かつてヴァイキングやホワイトファルコンに搭載されていた特殊な機構に関し、的確に解説した文章をウェブ上に見つけたので引用する。ギターマガジン誌とYahooが提携したポータルサイトの一部のようだが、連載自体は中途半端に終わったと思しい。ともかく僕の舌足らずな説明より、よほど上等である。
解説されているのはあくまでホワイトファルコンなので、もし万が一ヴァイキングの歴史をお調べでしたら御注意を。
「まず、1959年に発表されたプロジェクト『O』ソニック・ステレオ・システムと呼ばれる機能。これは各ピックアップ内のボビンが1〜3弦用と4〜6弦用に分割されており、それぞれ個別に出力できるようになっていた。フロント/リア、左右のボビンの選択、トーンのコントロールと組み合わせて、なんと54通りものサウンド・バリエーションを生み出せるという驚異的な仕様であった」
この機構は僕のヴァイキングには無い。搭載されているホワイトファルコンも、十代のころ一度試奏したきりである。便利とは感じなかった。しかし夢があるね。
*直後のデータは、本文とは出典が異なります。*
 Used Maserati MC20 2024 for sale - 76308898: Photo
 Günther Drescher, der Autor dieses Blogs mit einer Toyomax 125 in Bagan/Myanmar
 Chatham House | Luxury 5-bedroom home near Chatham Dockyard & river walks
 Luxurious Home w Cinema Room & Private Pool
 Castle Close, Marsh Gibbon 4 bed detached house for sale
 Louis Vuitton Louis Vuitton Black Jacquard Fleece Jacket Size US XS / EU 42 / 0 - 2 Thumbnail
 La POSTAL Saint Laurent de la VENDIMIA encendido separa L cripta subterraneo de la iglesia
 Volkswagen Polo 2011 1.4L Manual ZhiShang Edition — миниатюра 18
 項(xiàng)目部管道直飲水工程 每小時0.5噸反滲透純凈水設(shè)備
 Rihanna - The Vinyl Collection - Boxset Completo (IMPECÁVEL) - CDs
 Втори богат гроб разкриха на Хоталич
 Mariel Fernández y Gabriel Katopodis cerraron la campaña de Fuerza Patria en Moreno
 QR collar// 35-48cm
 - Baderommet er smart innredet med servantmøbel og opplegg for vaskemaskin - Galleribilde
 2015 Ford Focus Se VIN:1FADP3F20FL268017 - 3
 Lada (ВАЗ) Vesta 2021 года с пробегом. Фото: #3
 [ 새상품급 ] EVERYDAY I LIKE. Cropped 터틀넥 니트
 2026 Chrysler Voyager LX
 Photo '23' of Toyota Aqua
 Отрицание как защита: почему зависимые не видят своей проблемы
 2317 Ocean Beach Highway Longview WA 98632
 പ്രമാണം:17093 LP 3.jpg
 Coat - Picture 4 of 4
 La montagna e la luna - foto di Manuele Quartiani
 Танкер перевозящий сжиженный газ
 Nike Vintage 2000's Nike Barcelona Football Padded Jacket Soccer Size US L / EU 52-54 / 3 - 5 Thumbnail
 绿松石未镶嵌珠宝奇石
「1964年に登場した、『Tゾーン・テーパード・トレブル』というフレッティング法も、本器だけのユニークな仕様だ。後述する『フローティング・サウンド・ユニット』などのブリッジを搭載する時に問題となるハイ・ポジションでのチューニングのズレを解消するために、12フレット・ポジション以上のフレットの1弦側をわずかにブリッジ側に傾けて打ち込まれるという独特なもの。
ブリッジ側をズラすのではなく、わざわざ手のかかるフレットの方をいじることに、ホワイト・ファルコンに込められた強いこだわりがうかがえる」
これを書き忘れていた。キャプテン・フックこと僕のヴァイキングもこうなっている。最初フレット打ちが出鱈目なのかと思った。手間暇の割に普通のブリッヂ補正以上の効果がないとか色々あるのだが、ビグスビィ製らしいノン・アジャスタブルのブリッヂを僕が平然と使い続けていられるのは、この配慮のお蔭である。
「1966年に追加された『フローティング・サウンド・ユニット』は、本来のブリッジ部分にフローティング・ブリッジと呼ばれるユニットを設置。そこから伸びた大型の音叉がボディ内部の空間に取り付けられ、弦をはじくとそれらユニットが共鳴を起こし、ギター全体の倍音構成が複雑に変化するというとんでもないものだ。
弦交換の際、異常な手間がかかることから一般への普及はいまいちだったが、最高機種に相応しい機能と言えるだろう」
前項で僕が「音叉を兼ねた機構」という表現している奴。この搭載が無い点だけに於いても、キャプテン・フックは1964〜65年製と特定できる。
当該サイトにも言及が無かったのは、ボディバックにスナップ留めのクッションが付いている事。その下には大穴があってプラスティックの蓋で塞がれている事(開けると配線をいじり易いので意外と便利)。ギター音全体のオン/オフという、あまり有用性を見出せないスウィッチがある事(楽器というのは弾かなければ常にオフである)。それからこれはグレッチ全体の特徴なのかな、なんとトーンがポットを廻すスタイルではない。籠もった音/素の音/別の籠もった音、という三ポイントのトグルスウィッチなのだ。
トーンの絞りというのは意外と難しく、若いギタリストは大概、徹頭徹尾、全開である。昔の俺もそうだった。今もリッケンバッカーなど概ね全開だが、「フレーズによっては、ちょいと絞る」というのを、騙されたと思って試してみてください。最初からギターに付いている機構だから金はかからないうえ、効果絶大である。
どんなトーンポットでも、ゆっくりと絞っていくと、不意に音が大きく変化する「半開き」ポイントが見つかる。ここが美味しい。ちょっと人の声のようなニュアンスがある。これを予めプリセットしようと考えたグレッチは親切だ。でもちょっと親切過ぎる。
普通のギターでの話をする。例えば歌のバッキングを「半開き」ポイントで弾いておいて、歌が消えるや、ソロという訳ではないけれどトーンだけ開いて同じ事を弾く。音量は殆ど変わらず、なのに煌びやかなギターが重なってきたようなニュアンスが出る。
場面を切り替える、などとは考えないほうがいい。指がちょっと触れたという程度に、僅かに廻すのだ。歌うように、連続を保ちながら変化をつけるのだ。